La rubéola también se transmite por vía aérea. En niños suele ser un enfermedad leve, incluso en la mitad de los casos sin síntomas. Las complicaciones son más frecuentes en adultos, pero la consecuencia más grave de una infección por rubéola es el daño que puede causar al bebé en una mujer embarazada, desde defectos congénitos hasta aborto prematuro. Cuando el virus de la rubéola infecta a una mujer embarazada en las primeras etapas del embarazo, la probabilidad de que la mujer transmita el virus al feto es del 90%. Se calcula que cada año nacen en el mundo aproximadamente 110.000 niños con síndrome de rubéola congénita.
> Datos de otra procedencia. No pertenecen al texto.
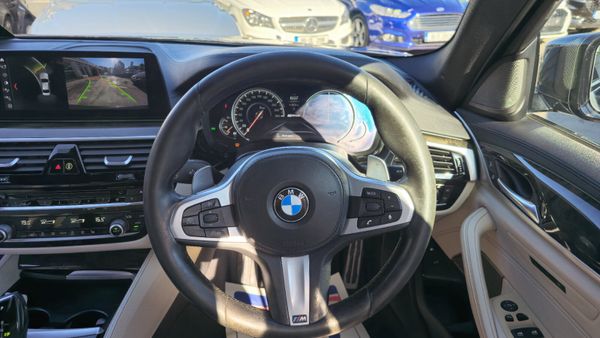 BMW 5-Series 2017 G30 AA APPROVED 353974291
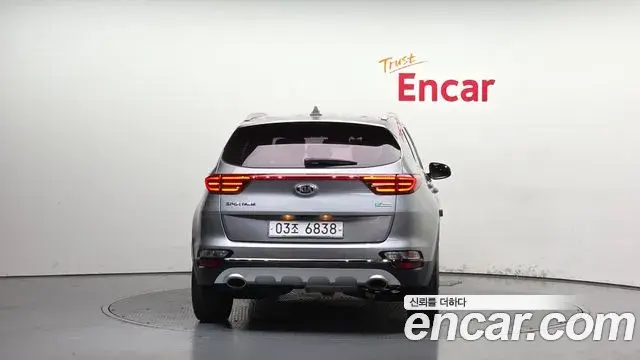 Kia Sportage The Bold 2018 — ფოტო 11/33
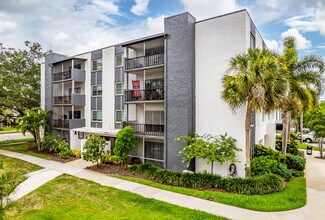Plus de détails pour 120 47th Ave N, Saint Petersburg, FL - Logement à vendre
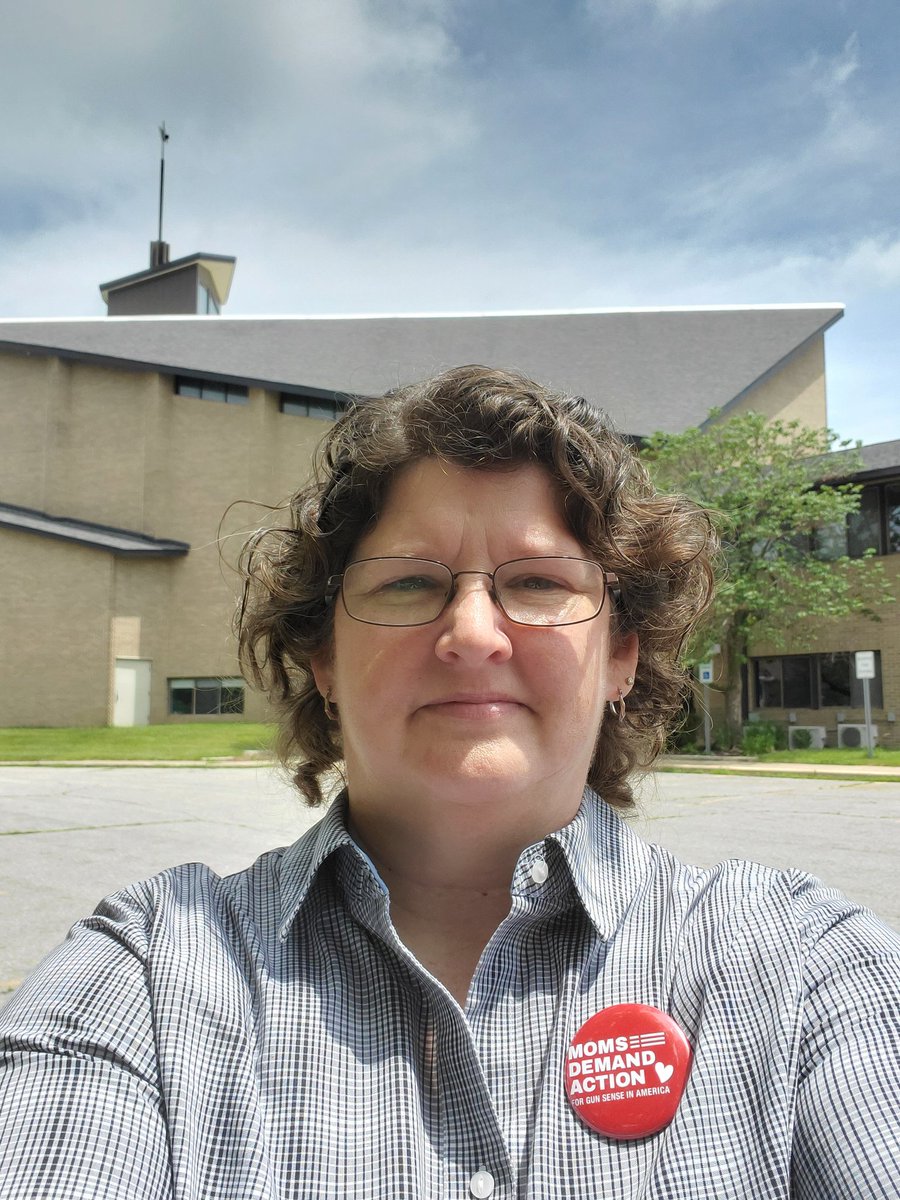 This Iowa @MomsDemand volunteer and #SurvivorStrong honored the 49 lives stolen from the #PulseNightclub by educating voters at my church to vote NO on the #RecklessGunAmendment on the ballot in Nov. Every day we can find a way to #HonorThemWithAction and #EndGunViolence.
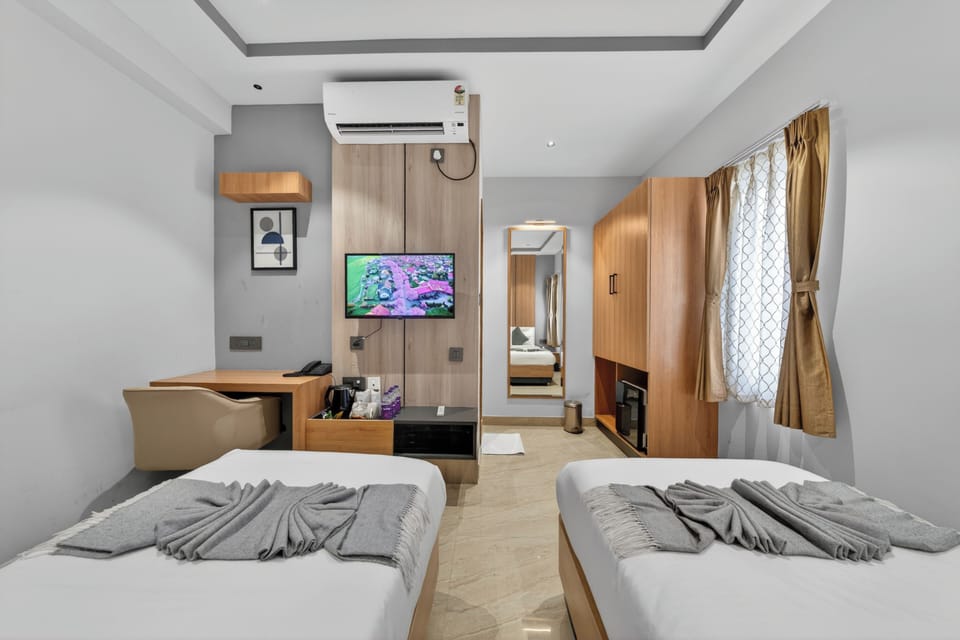 Deluxe Twin Room | Desk, WiFi (free), bed sheets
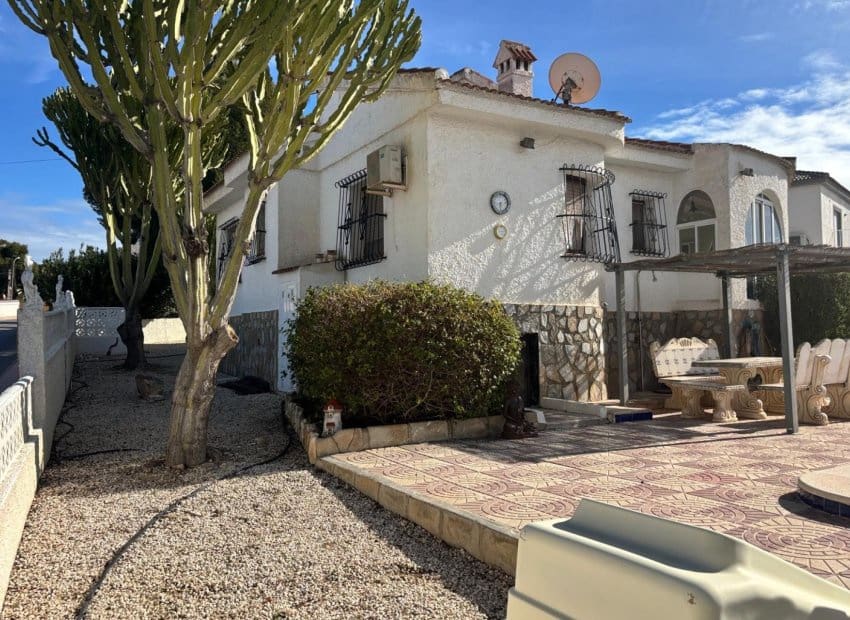 4 camera da letto Villa in vendita in Ciudad Quesada con piscina - 435.000 € (Rif: 9539663)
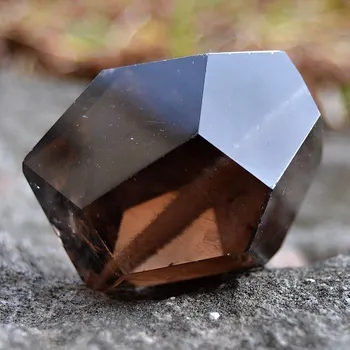 Přírodní kámen Záhněda Brazílie broušený nepravidelný tvar MIX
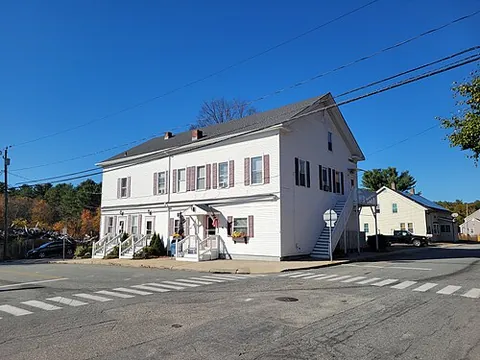 ballouville: a village in the town of Killingly, Windham County, Connecticut, United States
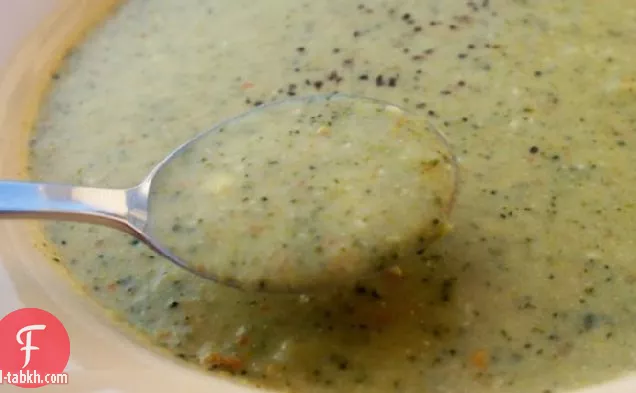 شوربة كريمة البروكلي بالكاري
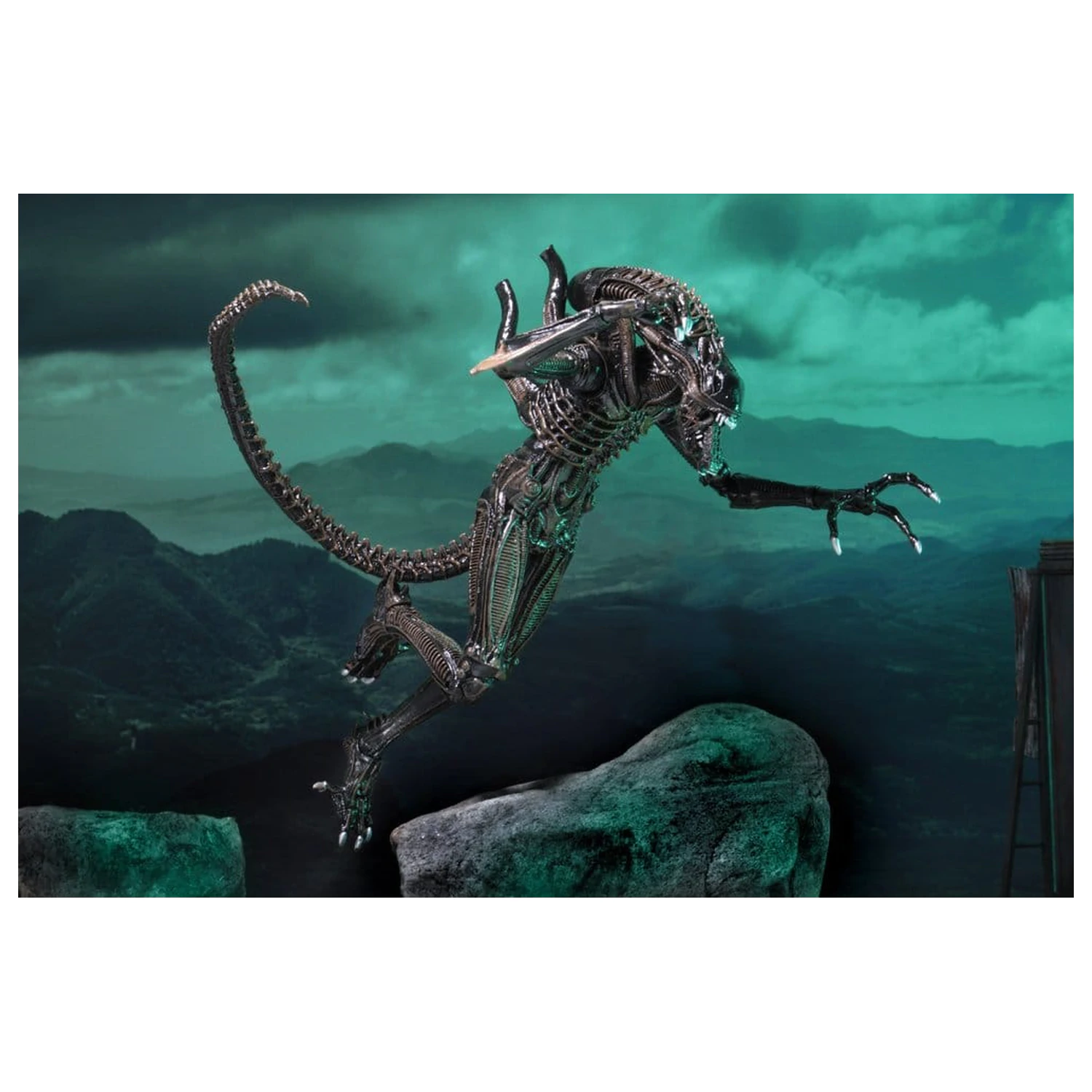 Aliens Ultimate Action Figure Warrior (1986) maro 23 cm poza produsului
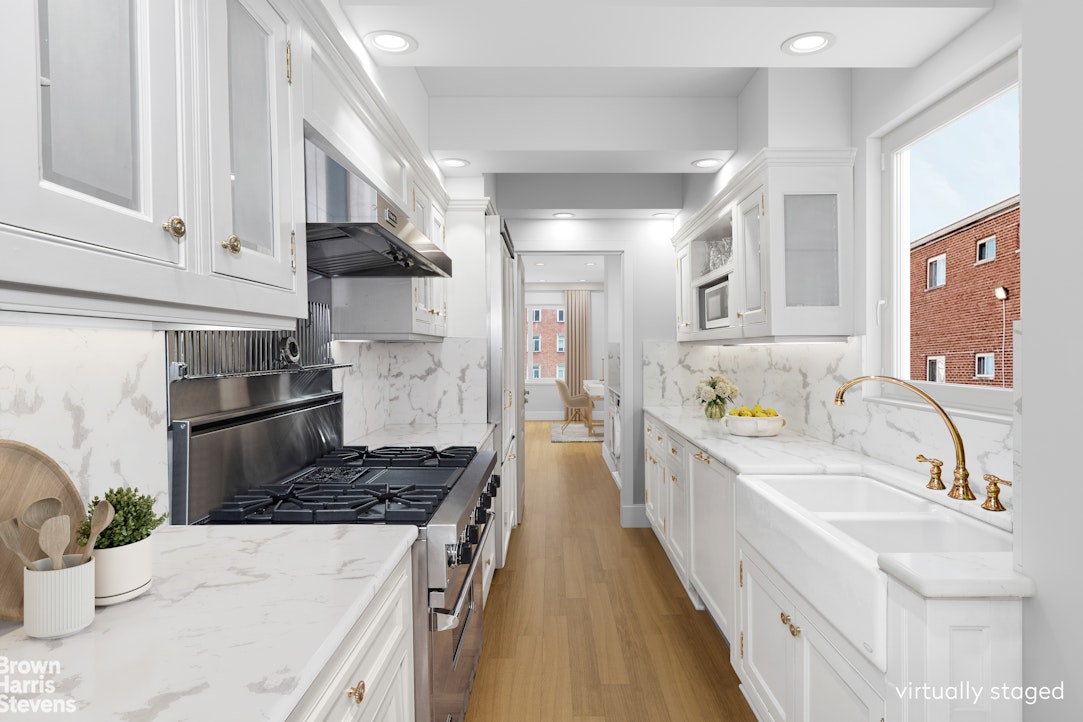 936 Fifth Avenue Upper East Side New York NY 10021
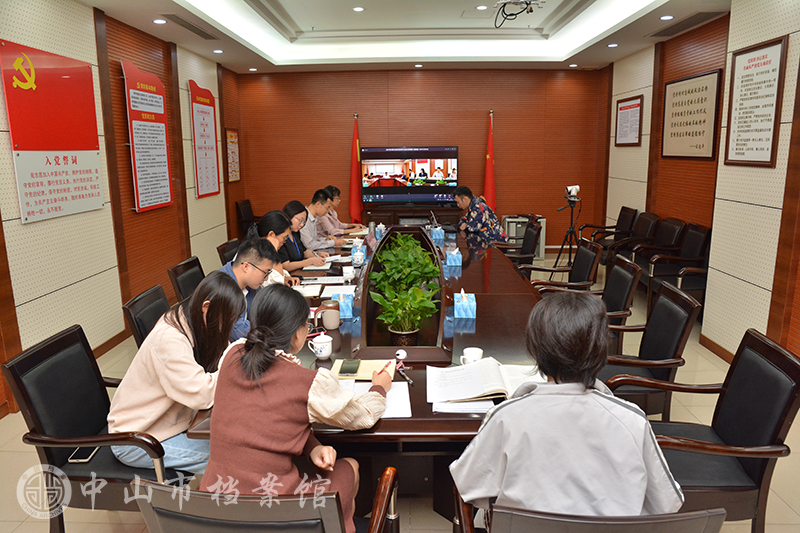 2025年10月30日上午，市地方志办人员在中山市档案信息中心参加全省第三轮修志试点推进会（视频会议）（摄影：蓝子键）副本.jpg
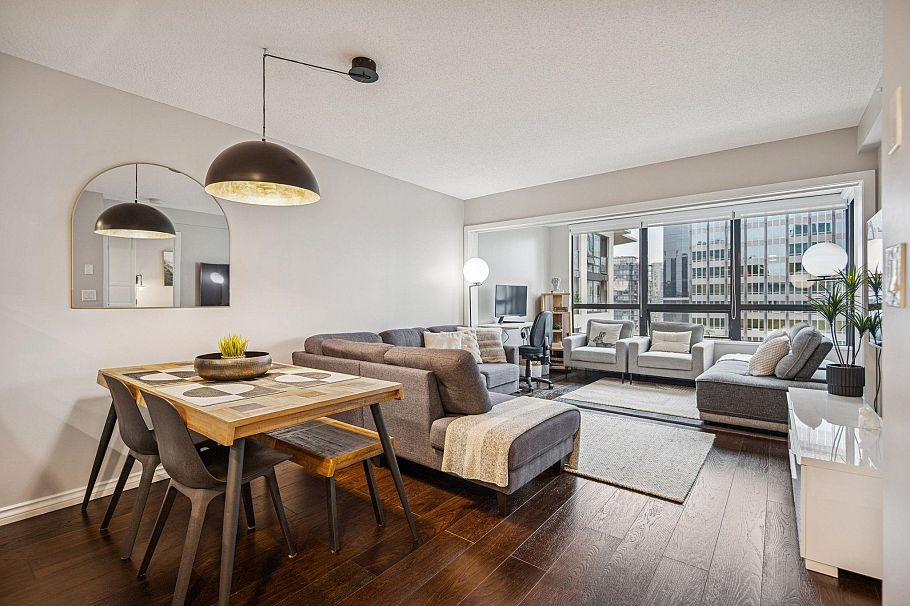 2205 938 Smithe Street Vancouver, BC - 1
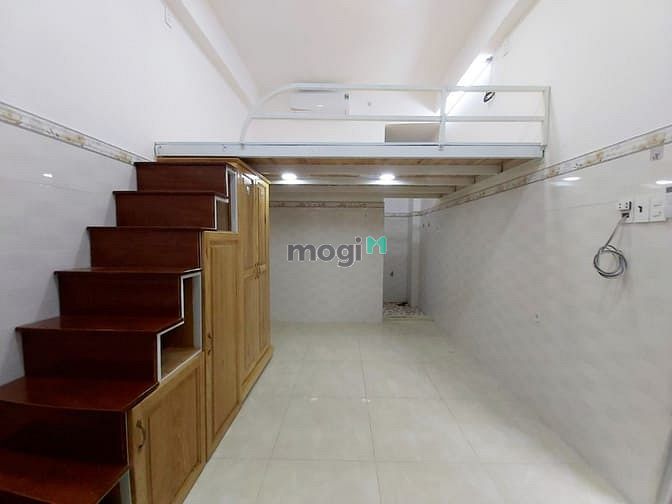 Hình ảnh 🍇Phòng Gác Lửng Cửa Sổ Thoáng Mát - Gần CV ĐẦM SEN Tân Phú, Giá Rẻ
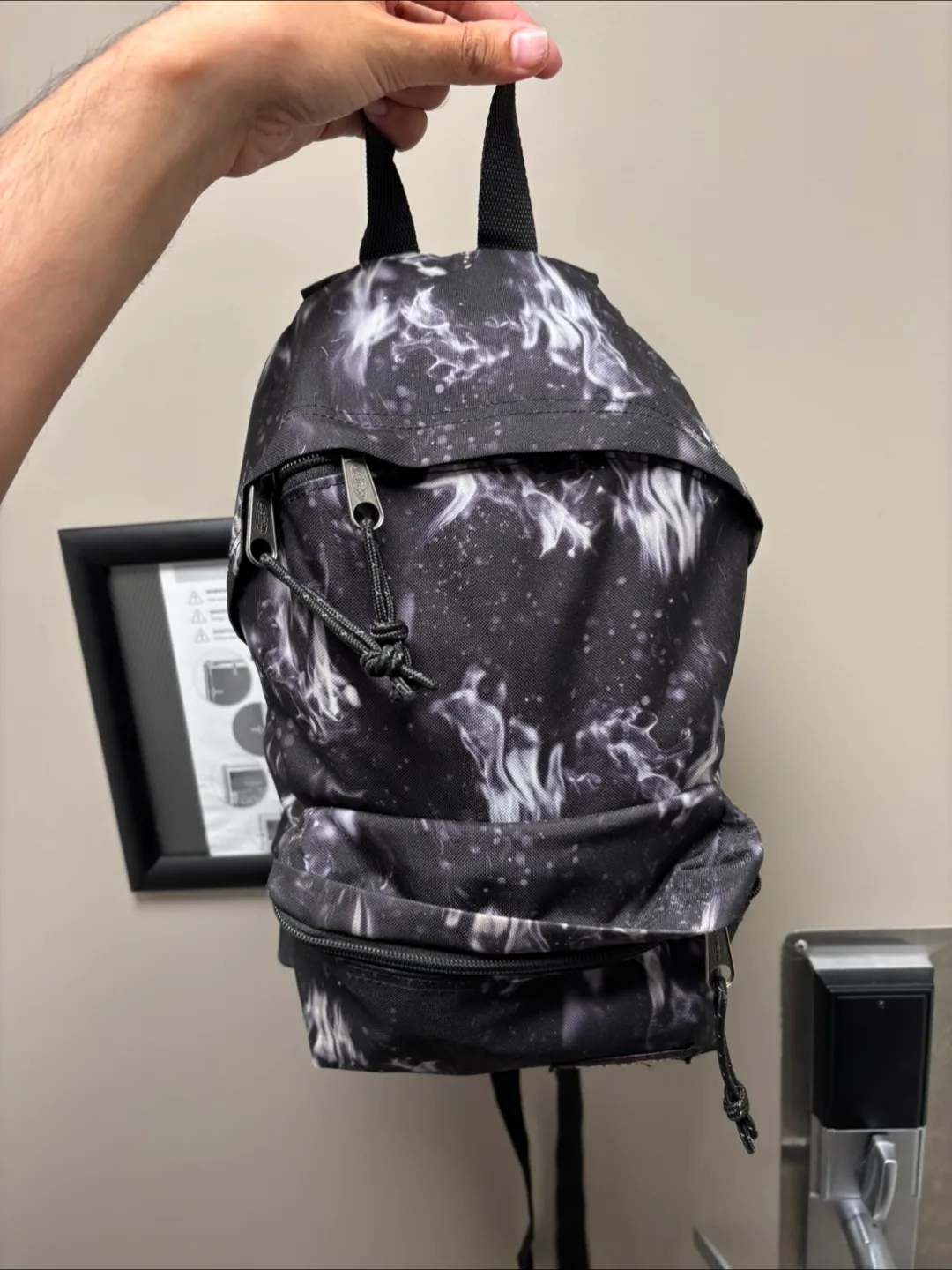 Eastpak Mini Backpack - Black & White image indicator(9)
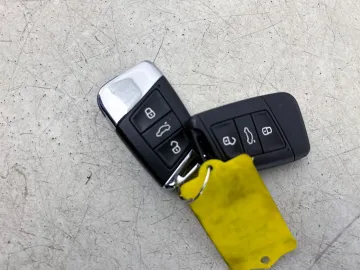 Car image 38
Tampoco se dispone de un tratamiento específico para este virus. La vacuna contra la rubéola contiene una cepa de virus vivo atenuado que se ha utilizado durante más de 40 años. Una sola dosis de vacuna confiere una protección a largo plazo superior al 95%.


Por lo general, las vacunas contra el sarampión y la rubéola son parte de una vacuna combinada que protege contra cuatro enfermedades virales: parotiditis o paperas, sarampión, rubéola y varicela (MMRV, del inglés Mumps, Measles, Rubella and Varicela).

Uno de los objetivos de la OMS es erradicar estas dos enfermedades de los 53 países del área europea, con cerca de 900 millones de personas, donde, en principio, se emplean las vacunas contra el sarampión y la rubéola. Sin embargo, según un reciente estudio, durante el año 2012 y los primeros nueve meses del 2013, hubo 55.438 casos de sarampión y 66.856 de rubéola. La mayoría de los casos de sarampión ocurrieron en seis países, y el 74% en personas que no se habían vacunado, hubo un total de 7 fallecimientos. Los casos de rubéola ocurrieron casi exclusivamente en Polonia y el 85% en personas no vacunadas. En 2013, en Holanda hubo en brote de 1.226 casos de sarampión y 54 de rubéola, en una comunidad relacionada con los movimientos anti-vacunas. Estos datos demuestran que la mayoría de los casos de sarampión y rubéola en Europa son por no vacunarse.

Las vacunas no solo nos protegen a nosotros mismos sino que evitan que los virus se extienda entre la población, evitan por tanto las epidemias. Si tú no te vacunas, puedes poner en riesgo a los que están a tu alrededor, especialmente a los más débiles, los niños, los ancianos y los enfermos. Tu protección por tanto depende de otros. Con la vacunación se protege a la comunidad, cuanto mayor sea la proporción de personas vacunadas y protegidas contra una infección, menor será la probabilidad de contagio entre un individuo infectado y otro sano, menor será la posibilidad de una epidemia. Por tanto, del que tú te vacunes depende la salud de otros. Las vacunas funcionan!

Muscat, M., et al. (2014). The state of measles and rubella in the WHO European Region, 2013. Clin. Microbiol. Infect. doi: 10.1111/1469-0691.12584.